Two other countries have been unable to
engineer an autonomous project of state and economic reconstruction. They
have instead remained under management by the United Nations – Liberia and Sierra
Leone. These are the darlings of the human rights community.
Why are
Africa’s most successful governments at state and economic reconstruction
vilified while those managed by donors are praised and presented as model
examples? The answer is that their leaders take orders from London, Paris and
Washington DC. Perhaps I am overstating the case. However, there is reason to
believe that some elements in Western society would like to create an Africa
that in their own image. Anything that is not a reproduction of Western society
is not only seen as abnormal but also a danger to be fought and annihilated.
For example,
beginning mid last year, the international press (largely western based or
managed) has launched a jihad against the government of Kagame in Rwanda. The
ammunition for the this jihad is a shoddy and doggy report by a UN “panel of
experts” that alleges Rwanda to be training and arming M23 rebels fighting the
government of President Joseph Kabila of DR Congo.
The third
party and cheer leader of this triumvirate is the international human rights
community which has been leading the campaign against Kigali for nearly two
decades. Given that the post genocide government in Kigali represents the most
successful state attempt in post independence Africa to serve ordinary
citizens, this should surprise us. Actually it should not and this is why.
International
human rights groups largely founded and financed by the West have increasingly
become powerful voices shaping politics in Africa. Their voice is respected by
governments and mass media in the West. Given Africa’s dependence on Western
aid, our leaders shape our politics around what these groups are saying. But
this tends to undermine our sovereignty and nascent democratic institutions.
It also
reflects growing success by Western countries to shape post colonial Africa in
their own image. Kagame’s crime has been to place the interests of Rwanda and
his people above the demands of these organizations. The price of this
insistence on independence may be catastrophic for him and Rwanda. Indeed, it
has been the experience of other African leaders who tried this before him –
Patrice Lumumba, Kwame Nkrumah, Milton Obote and Thomas Sankara.
Human rights
groups are often single-issue organizations and seek to make their single issue
the only issue on which to judge a country. Thus, they may pick one variable
e.g. the arrest of one opposition politician and without reference to facts or
context use their influence in western capitals to cause economic sanctions,
cancelation of aid, diplomatic pressure and blackmail to bully a poor country
to acquiesce to their demands. It does not matter whether the government has
respected the rights of 10m of its citizens and done its best to serve them.
This single issue would be enough straw to break the nation’s will.
This shows
that these international human rights groups are opposed to sovereignty which
African countries achieved through hard-won battles of national independence.
They claim to represent universal human values that know no boundaries.
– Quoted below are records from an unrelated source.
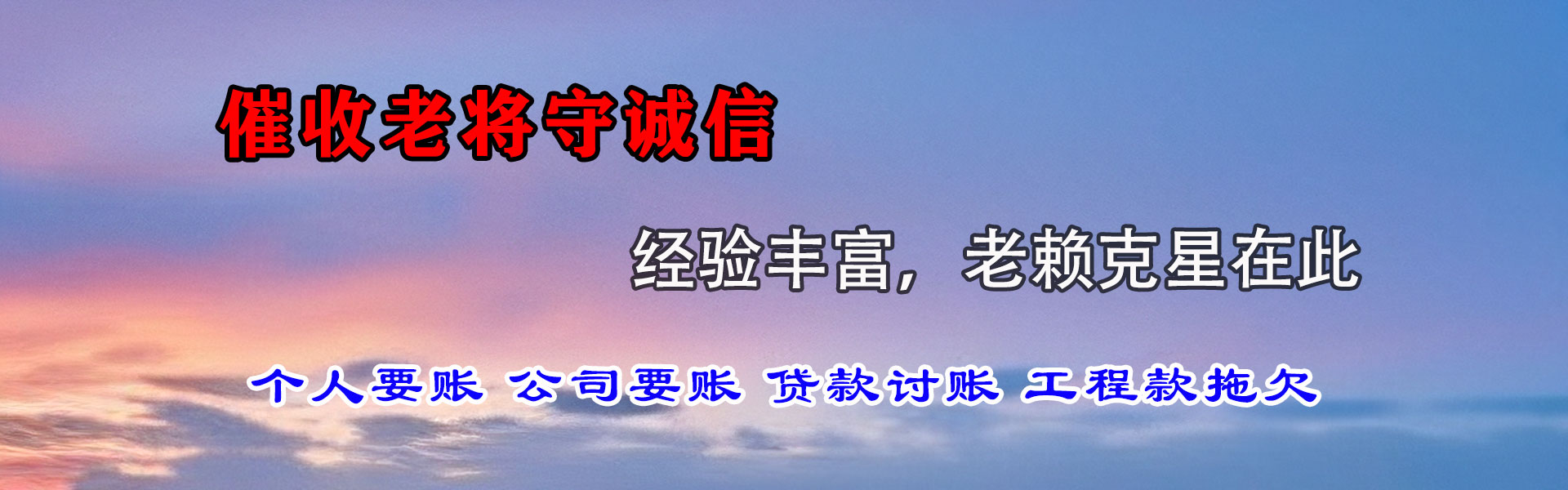 普宁讨账公司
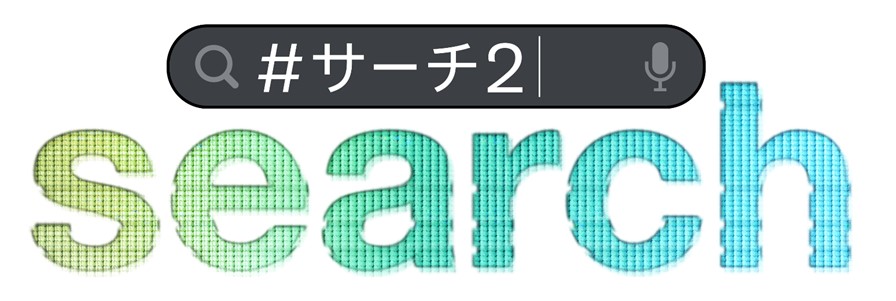 『search／#サーチ2』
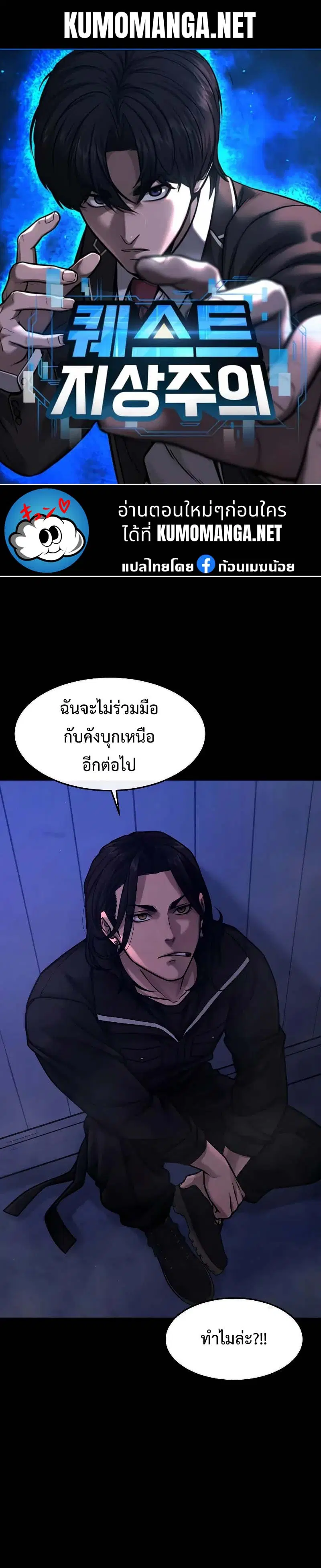 หน้า 1 จาก 68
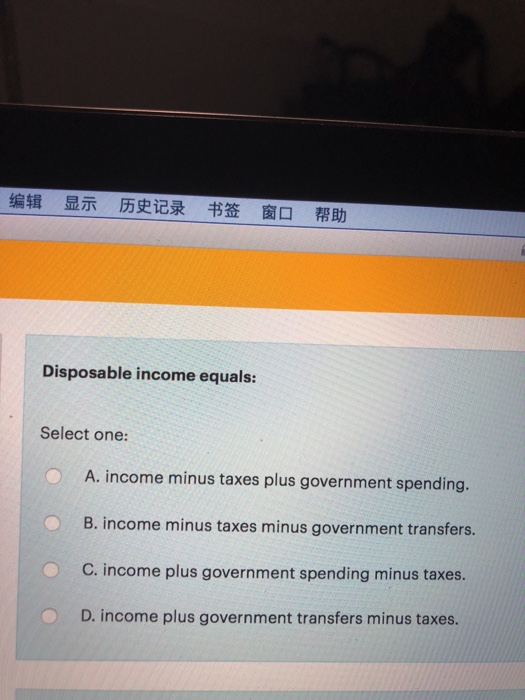 Solved 编辑 显示 历史记录 书签 窗口 帮助 Disposable equals Select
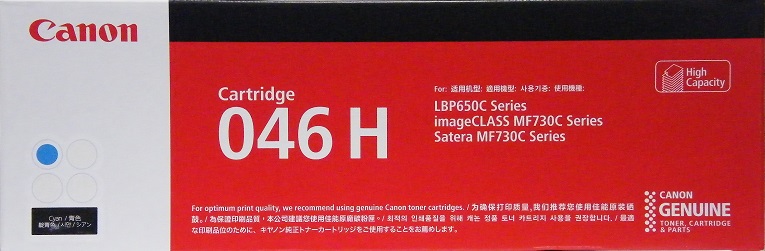 キャノン Canon トナーカートリッジ 046H シアン 純正品 【会員価格と得値数量割引】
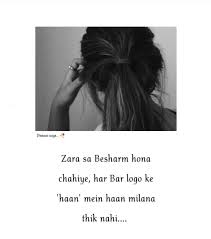 These dear zindagi quotes are. Pin By Positive Thoughts On Positive Thoughts Inspirational Quotes Wallpapers Zindagi Quotes Reality Quotes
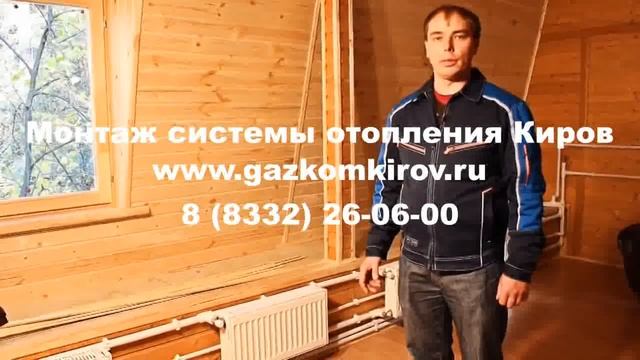 почему закипает котел отопления Киров смотреть онлайн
Yet
most of their campaign is actually based on Western values born of a specific
historical experience. Meanwhile, these organizations are not answerable to anyone.
Their leaders and executives are not elected. There is no democratic way to
hold them accountable for their actions.
Thus, the
beneficiaries of the activism by human rights groups have no recourse to
elections to remove their leaders from office if they did not meet specific
expectations. For example, Human Rights Watch’s campaign against the government
of Rwanda has powerful implications on that country’s tourism, trade,
investment and aid – all of which impact significantly on the livelihoods of
the people of Rwanda.
How can Rwanda’s citizens harmed by the negative campaign
by HRW hold this organization and its leaders to account? In fact the hubris
with which HRW leader Kenneth Roth speaks as the legitimate voice of Rwandans
against its elected leaders can only be explained as racism.
The only
accountability these groups have is financial – and to their funders in the West.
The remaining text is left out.